Don’t be that guy. With Microsoft 365, you have everything required for a seriously secure experience – so long as it is properly configured.
The good news: setting it up isn’t difficult, and you can do most of it yourself. Check out these five tips and tricks for often overlooked features and recommendations - and get a more secure Microsoft 365.
With MFA built into Microsoft 365, and with Microsoft MFA simple yet effective, ‘you’d be crazy not to use it’. Turn it on for all administrators and all users.
The most common vulnerabilities today include business email compromise, the use of legacy protocols which have only basic authentication, and password reuse. MFA instantly bypasses all these vulnerabilities, blocking up to 99.9 percent of account compromises.
Microsoft has made things easier with the recent introduction of Combined MFA and Self-Service Password Reset (SSPR) registration. Users register for MFA and SSPR in the same portal.
With MFA, knowing or cracking the password won’t be enough to gain access. And enabling it is literally a flick of a switch. Just like that.
I often see administrators using their daily or personal accounts as a ‘Global Administrator’, performing various tasks (provisioning users, managing access, etc.). This is a bad idea which leaves your organisation vulnerable. Instead, create dedicated Admin accounts, rename them, and limit the number of Azure AD ‘Global Administrator’ roles. We recommend fewer than 5 such accounts, and never sharing them.
The reason is that administrative accounts are valuable targets for hackers because they permit access to your organisation’s settings and most of the data.
A further tip is turning on Customer Lockbox. This addresses situations where Office 365 Administrators need explicit control of the tenant. Customer Lockbox ensures Microsoft can’t access your content to perform a service operation without your explicit approval. It also records all interactions for auditing purposes.

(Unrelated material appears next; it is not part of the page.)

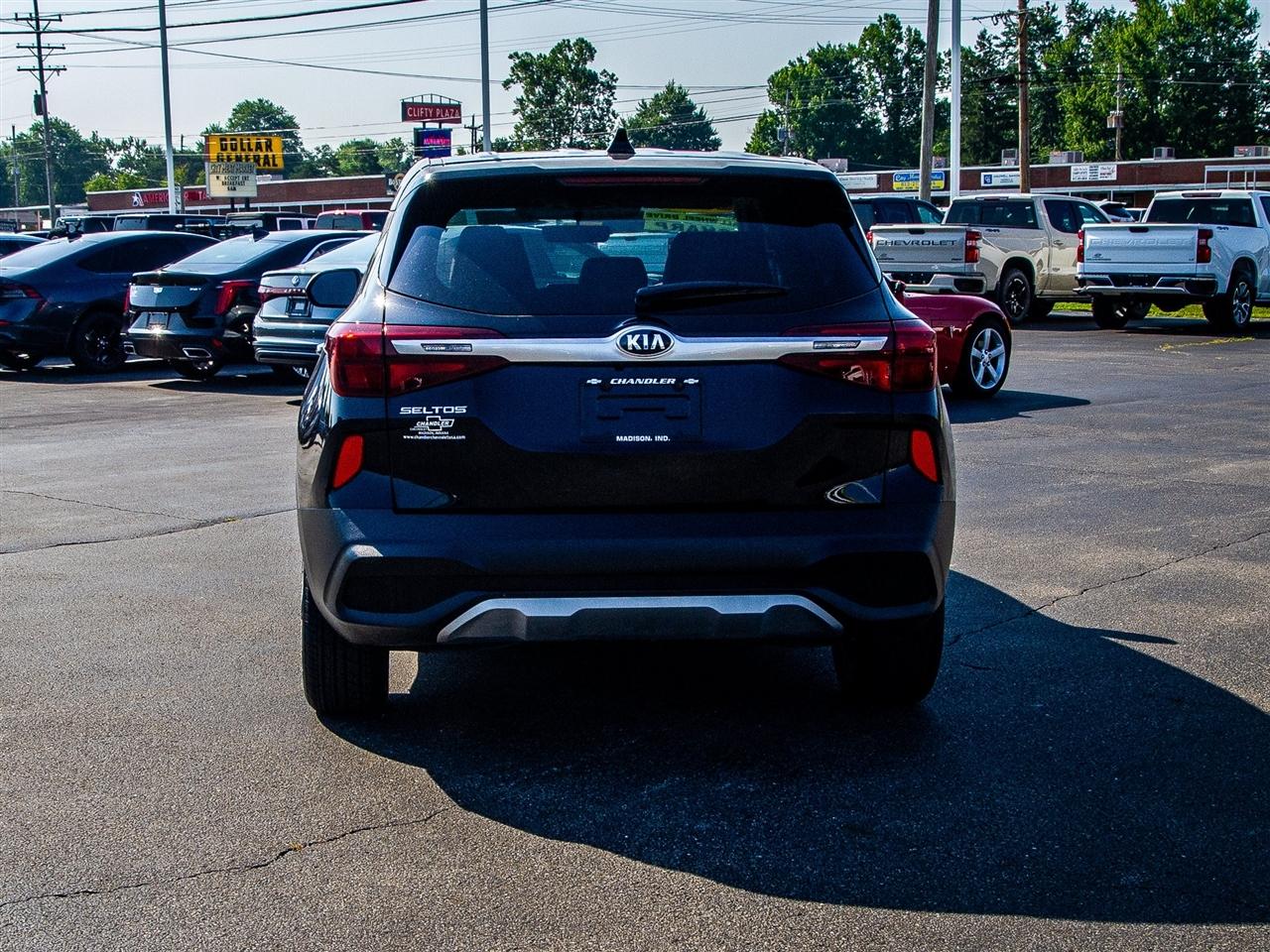 Kia Seltos LX IVT AWD 2021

Administrators often joke that users are the problem when it comes to security. They’re not wrong, of course, because if you don’t have users, you don’t have security issues. You also don’t have a company, so making the most of how users interact with your systems is the task at hand.
Using Conditional Access, you can get users to register for the MFA and SSPR discussed in Point 1 above. Conditional Access provides various controls, including a ‘location’ condition which restricts MFA/SSPR registrations from trusted network locations. Other controls include:
· Sign-in frequency, which lets you determine how often users must sign in to enjoy access to their applications and data (set to daily and eliminate the risk of sessions left open for months).

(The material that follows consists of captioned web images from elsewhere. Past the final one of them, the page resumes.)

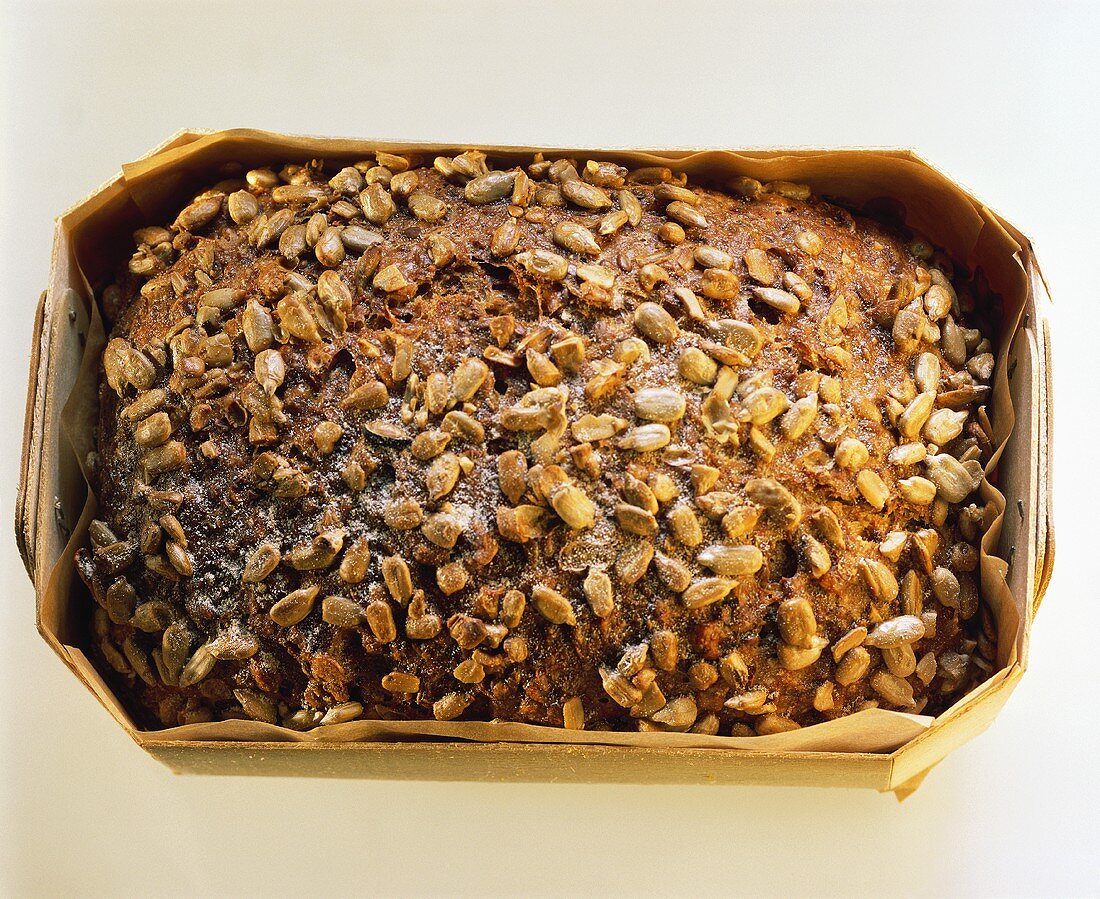 Home-made sunflower bread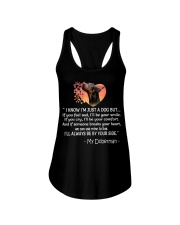 Doberman Ladies Flowy Tank tile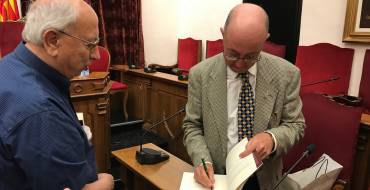 Presentación del libro de Gaspar Jaén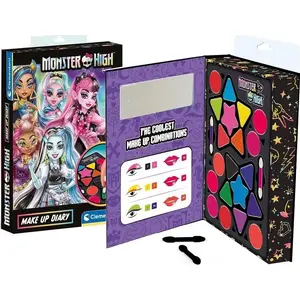 Clementoni Monster High палетка для макияжа 50881 — детский набор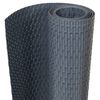 vidaXL Paravento da Balcone Antracite 500x90 cm in Polyrattan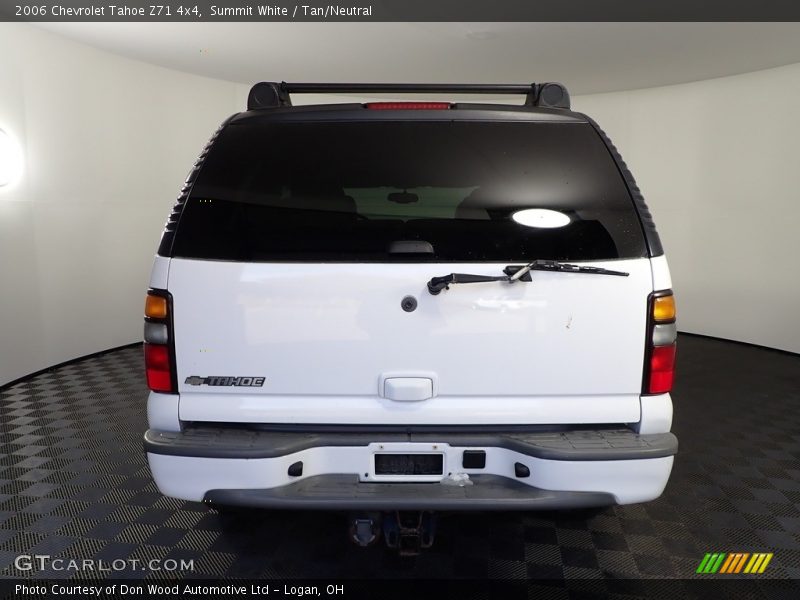 Summit White / Tan/Neutral 2006 Chevrolet Tahoe Z71 4x4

· Persistent browser sessions. A persistent browser session allows users to remain signed in after closing and reopening their browser window. By choosing ‘never persistent’ in session control, users must sign in again for new browsers sessions. This prevents unauthorised access via the browser, as only the person with the right username and password – and MFA, of course! – can get in.

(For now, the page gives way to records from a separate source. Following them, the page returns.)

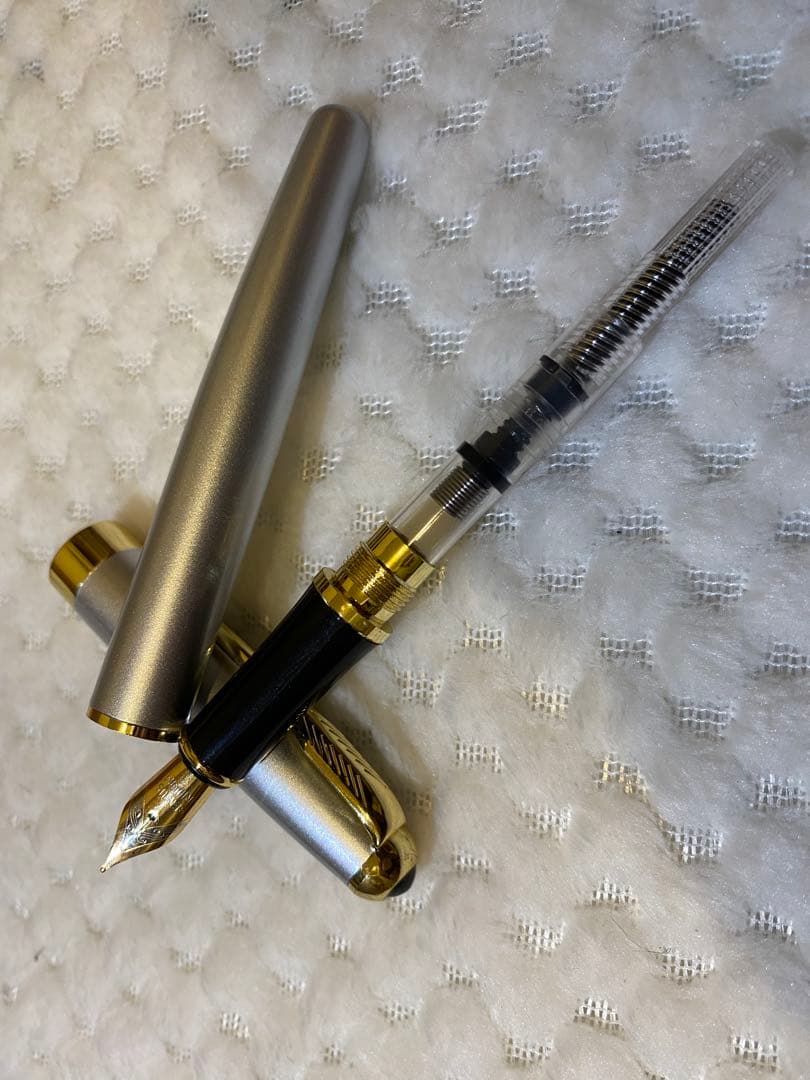 万年筆 吸入式インク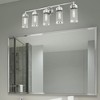 Livex Lighting Hillcrest 5 - Light Vanity in  Polished Chrome - 2 of 4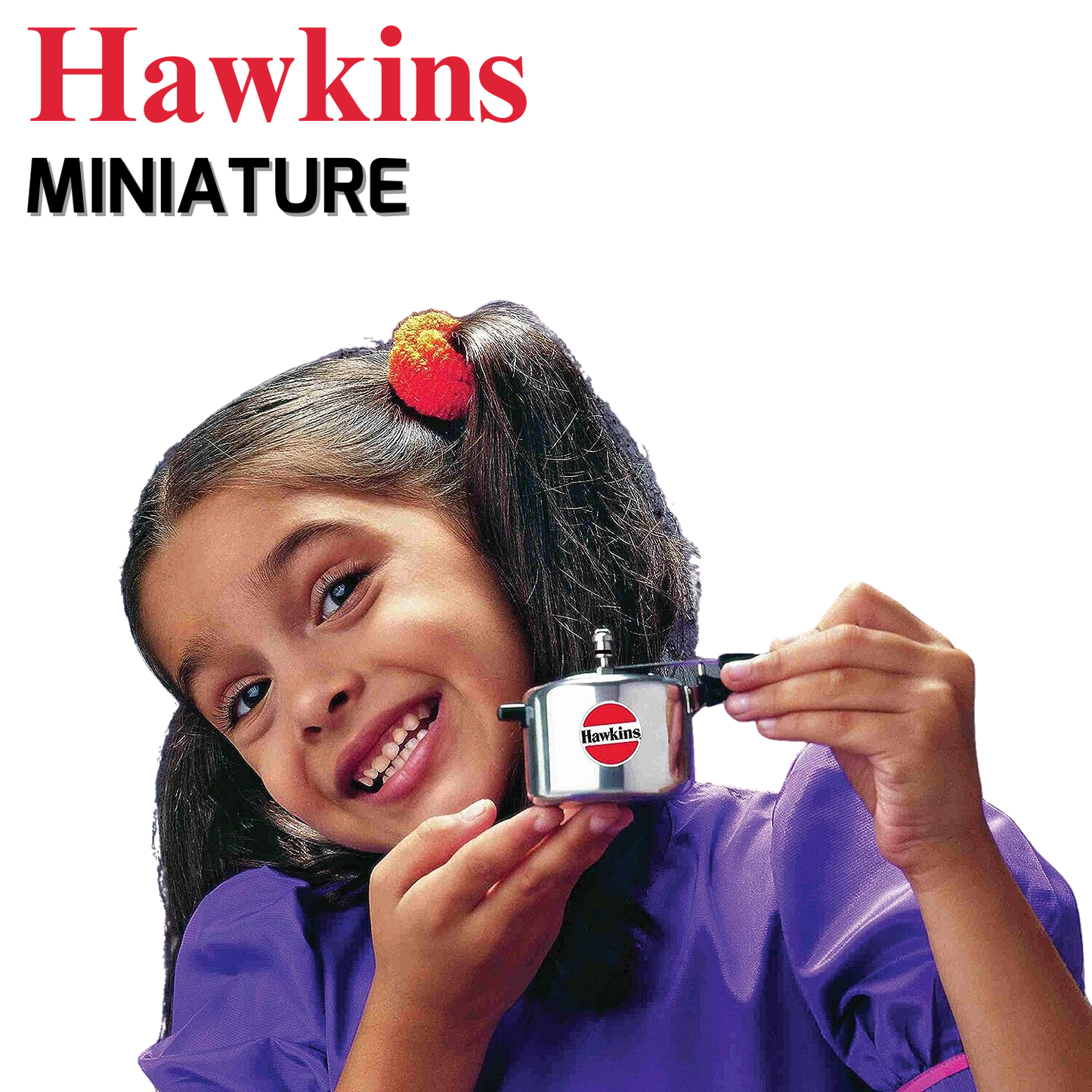 Hawkins Miniature Pressure Cooker, Toy Cooker for Kids, Mini Cooker, Small Cooker for Kids, Silver CODE: MIN - Premium Toy Aluminum Pressure Cooker from Hawkins - Just Rs. 220! Shop now at Surana Sons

Azure Active Directory works hand in hand with Microsoft 365, providing control over identity and access (and bear in mind almost all hacks focus on identity first, then access).
Let’s look at how to block legacy authentication with Azure AD using Conditional Access; you want to block legacy authentication, of course, so that MFA is exclusively used instead.
There are three steps to help blocking legacy authentication:
1. In the Azure portal, use Azure AD Sign-ins to identify legacy authentication. Filter by client app to identify sign-ins by modern and legacy authentication. Client apps, including Browser or Mobile Apps and Desktop clients, are considered modern, while the others, such as IMAP, POP, and MAPI are considered legacy.
2. With legacy authentication identified, use Conditional Access with ‘report-only’ mode to monitor the impact of blocking. Policies in ‘report-only’ mode are evaluated at sign-in, but the grant controls are not enforced, so you can see who is using legacy authentication in real time without blocking them.
3. Should the impact on users be deemed acceptable and manageable, the final step is turning on the ‘Block Legacy Authentication’ policy.
Staying in the Azure AD portal, let’s examine activity controls from a governance perspective. Many customers manage your users, groups, and organisation settings in Microsoft 365 Admin Portal, but haven’t gone through the Azure AD settings or features in the Azure portal.
This means Azure AD activity controls are routinely overlooked.
When collaborating with external organisations, Azure AD provides external user invitation, controlling who users can invite to collaborate within your Microsoft 365 environment. By default, all users and existing guests in your directory can invite guests, even if they are not assigned an admin role. This is an obvious vulnerability.
Restrictions controlling who users can invite should include:
· Only Admins and Users with ‘Guest Inviter Roles’ assigned should be permitted to invite guest users.
· Use the ‘Allow invitation only to specific domains’ setting. This furthers lock down invitations to target domains.